Paper 2005/132

Formal Notions of Anonymity for Peer-to-peer Networks

Jiejun Kong

Abstract

Providing anonymity support for peer-to-peer (P2P) overlay networks is critical. Otherwise, potential privacy attacks (e.g., network address traceback) may deter a storage source from providing the needed data. In this paper we use this practical application scenario to verify our observation that network-based anonymity can be modeled as a complexity based cryptographic problem.

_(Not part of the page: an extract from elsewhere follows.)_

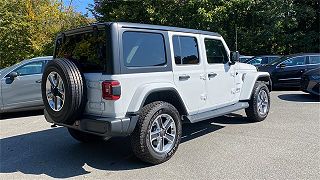 2018 Jeep Wrangler Sahara 1C4HJXEG1JW248951 in Mohegan Lake, NY 3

We show that, if the routing process between senders and recipients can be modeled as abstract entities, network-based anonymity becomes an analogy of cryptography. In particular, perfect anonymity facing an unbounded traffic analyst corresponds to Shannon's perfect secrecy facing an unbounded cryptanalyst. More importantly, in this paper we propose Probabilistic Polynomial Route (PPR) model, which is a new polynomially-bounded anonymity model corresponding to the Probabilistic Polynomial Time (PPT) model in cryptography. Afterwards, network-based anonymity attacks are with no exception in BPP. This phenomenon has not been discovered in previous anonymity research.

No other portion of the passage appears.